**What you are asked to do**
Your output consists solely of the lines from the one that contains "3d Rendering Of" to the end of the material, each reproduced exactly; pictures do not belong in it.

**Information shown**
· · ·
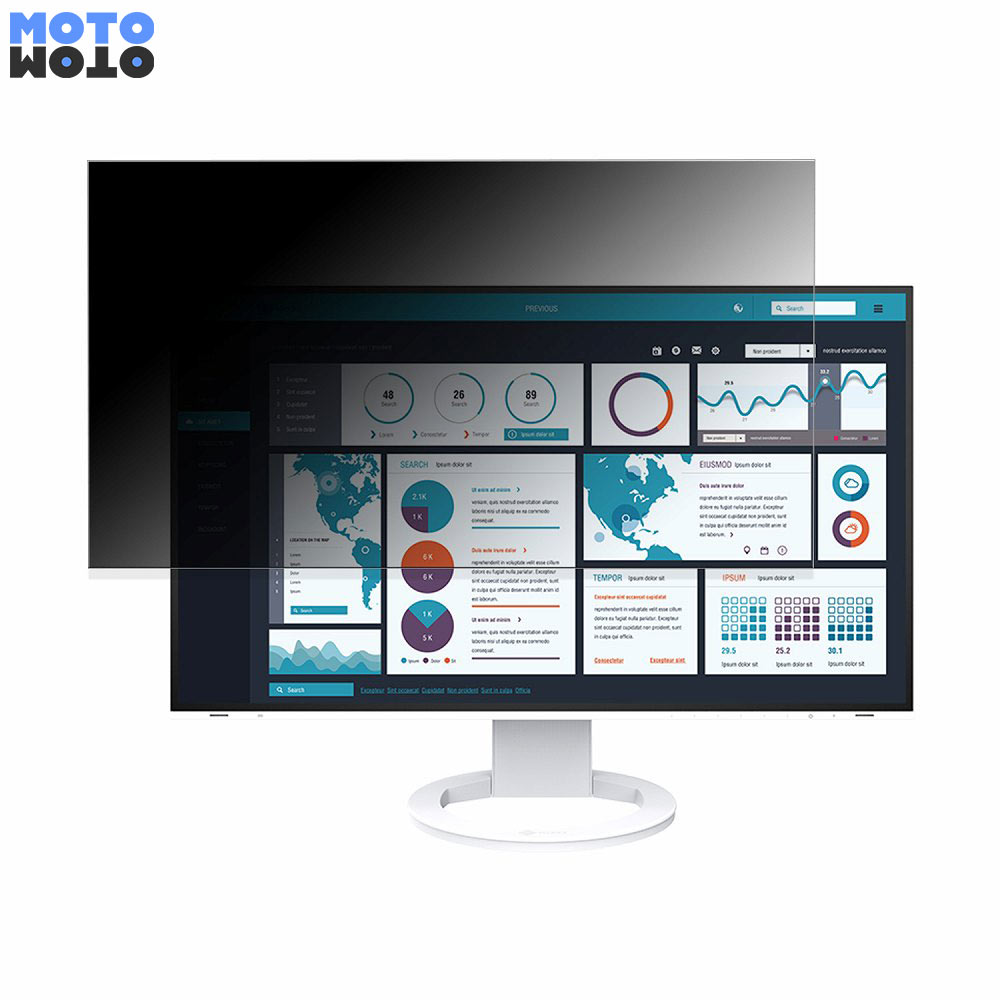 EIZO FlexScan EV2795 向けの 27インチ 16:9 覗き見防止 プライバシーフィルター ブルーライトカット 保護フィルム アンチグレア タブ・粘着シール式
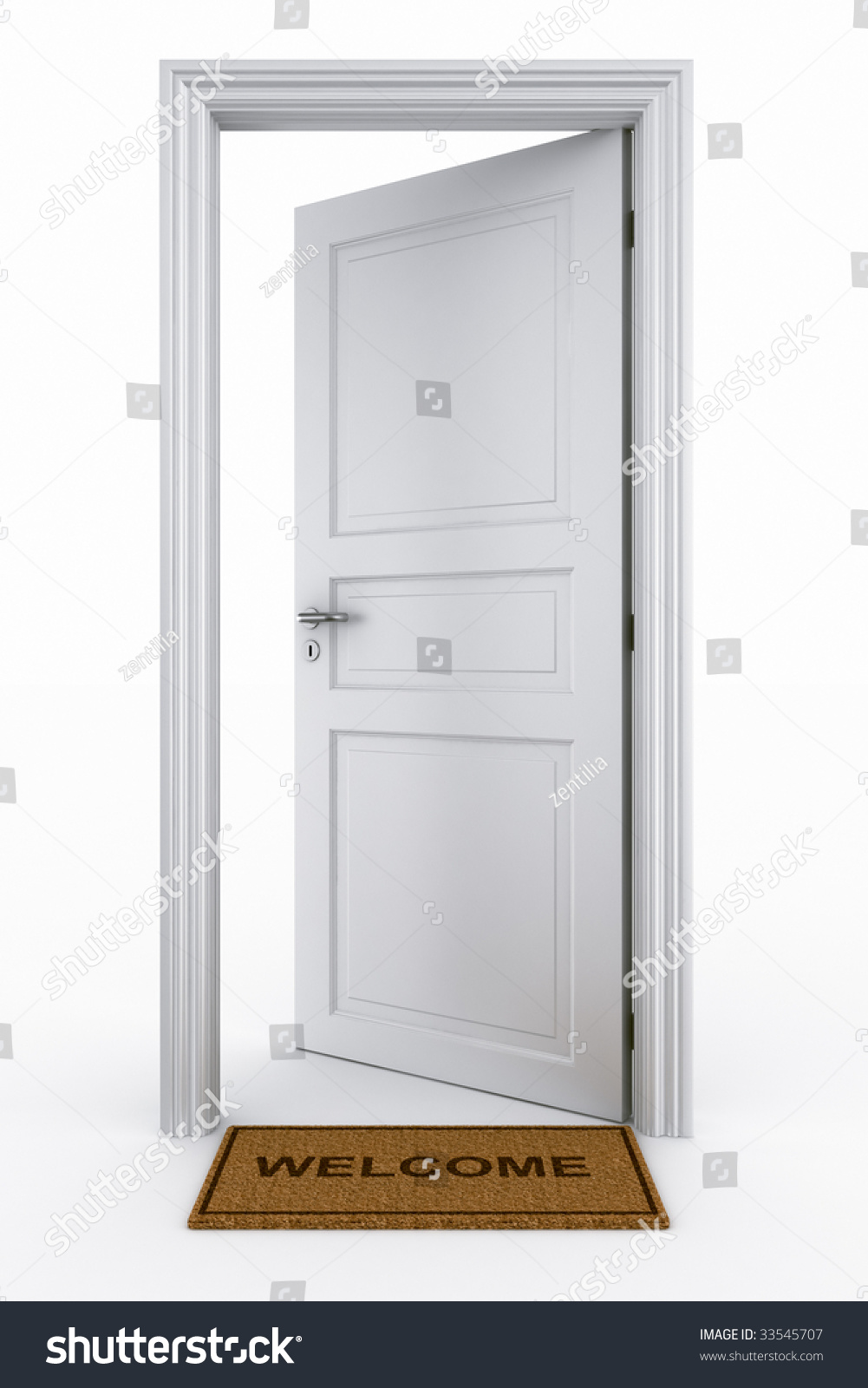 3d Rendering Of An Open Door With Welcome Mat Stock Photo ...
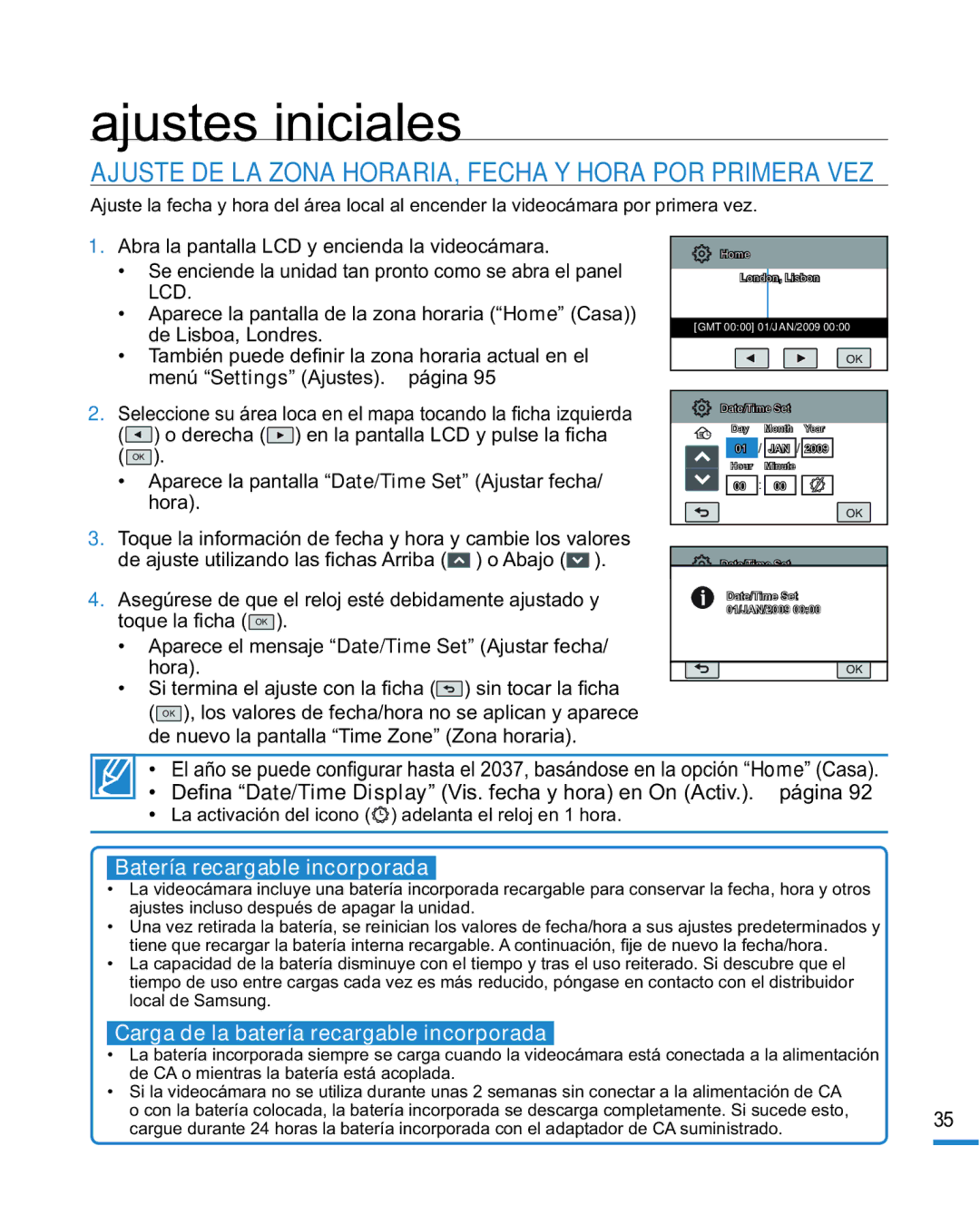 Samsung HMX-R10SP/EDC, HMX-R10BP/EDC manual Ajustes iniciales, Ajuste DE LA Zona HORARIA, Fecha Y Hora POR Primera VEZ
· · ·
**Answer below**
 3d Rendering Of An Open Door With Welcome Mat Stock Photo ...
 Samsung HMX-R10SP/EDC, HMX-R10BP/EDC manual Ajustes iniciales, Ajuste DE LA Zona HORARIA, Fecha Y Hora POR Primera VEZ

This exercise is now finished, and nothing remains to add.